2. A styrofoam cup has a calorimeter constant of 9.8 cal / C. Show your work for

Question

2.

A styrofoam cup has a calorimeter constant of 9.8 cal / C. Show your work for each answer.
(a) If a neutralization reaction performed in this calorimeter causes the temperature to rise from 22.3 C to 36.5 C, how many calories of heat were absorbed by the cup?
(b) In the same calorimeter, a neutralization reaction was carried out wherein the m ass of the solution was 100. g with a specific heat of 1.03 cal / gm C. If the temperature rose from 22.3 C to 36.5 C, calculate the number of calories of heat energy absorbed by the solution.

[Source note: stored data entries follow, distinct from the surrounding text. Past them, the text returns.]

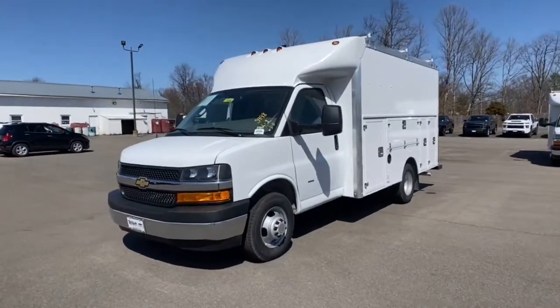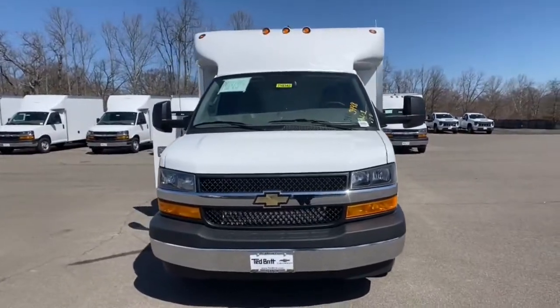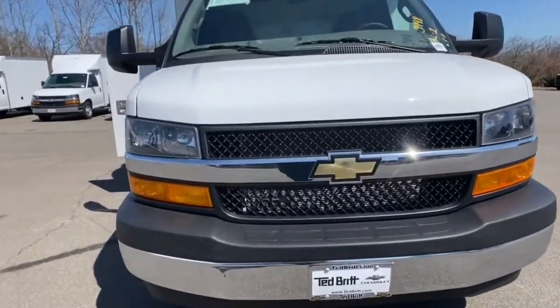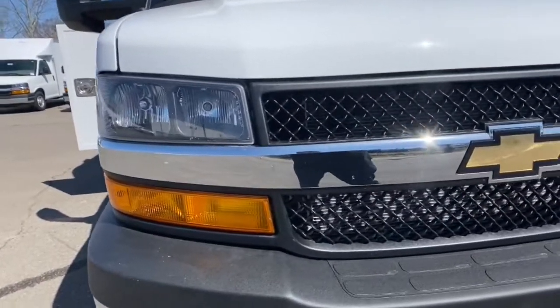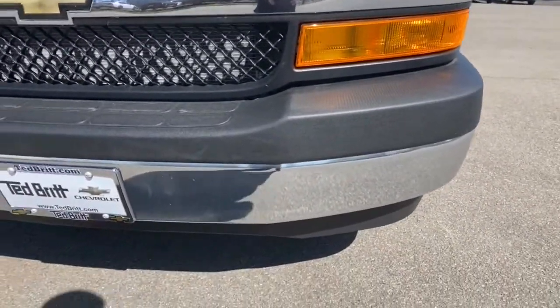You will be amazed by this. 2021 Chevrolet Express. Now is the perfect time to start a fresh new chapter in your traveling life. Take a closer look at this vehicle. Its design and features represent an outstanding value.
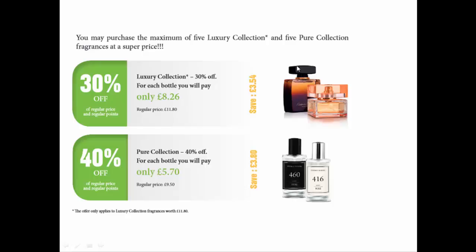In the luxury collection, the most popular one for women is 362 and the most popular one for men is 199. In the pure collection, the most popular one for women is number 18 and the one for men is 110.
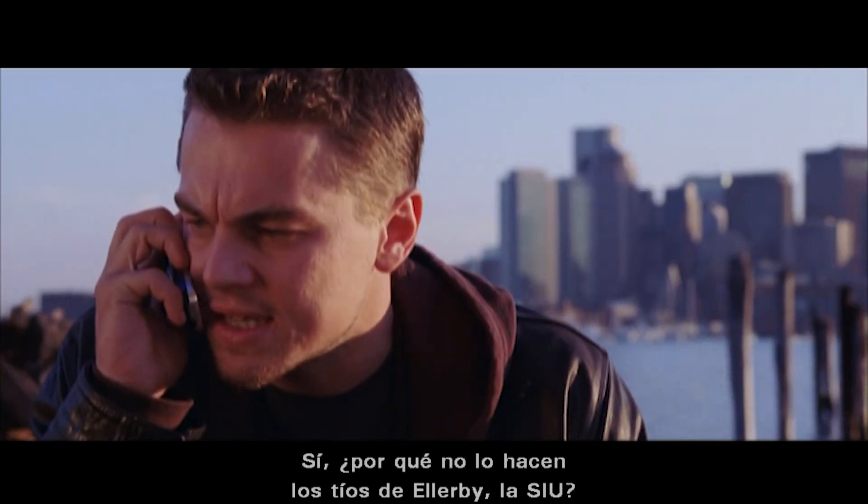Yeah, why can't Ellaby's guys — S-I-U? No, no, they can't. They are compromised.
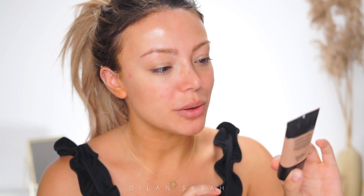The first thing I'm going to use is this Smashbox primer — it's the Photo Finish Radiance Primer. I'm just going to blend it out with my fingers over a spot right here.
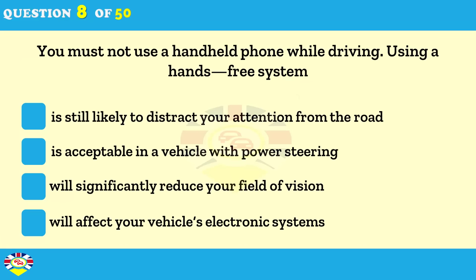You must not use a handheld phone while driving. Using a hands-free system: is still likely to distract your attention from the road; is acceptable in a vehicle with power steering; will significantly reduce your field of vision; will affect your vehicle's electronic systems.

(c) What was the heat of neutralization of the reaction?
(d) If 50.0 ml of 2.0 M acid was used in the reaction, how many moles of acid were present? (e) What is the molar heat of neutralization for this reaction? (answer in kcal / mol)

Explanation / Answer

(a) Rise in temperature of the calorimeter cup = (36.5 – 22.3)°C = 14.2°C.

The cup has a calorimeter constant 9.8 cal/°C. Hence, heat absorbed by the cup = (9.8 cal/°C * 14.2°C) = 139.16 cal (ans)

(b) The mass of the solution is 100.0 gm, the specific heat of the solution is 1.03 cal/gm°C and the temperature rose from 22.3°C to 36.5°C.

Heat absorbed by the solution = (100.0 gm).(1.03 cal/gm °C).(36.5 – 22.3)°C = 1462.6 cal.

(c) The heat of neutralization is the sum of the heat absorbed by the solution and the Styrofoam cup. Thus, the heat of neutralization = (1462.6 + 139.16) cal = 1601.76 cal.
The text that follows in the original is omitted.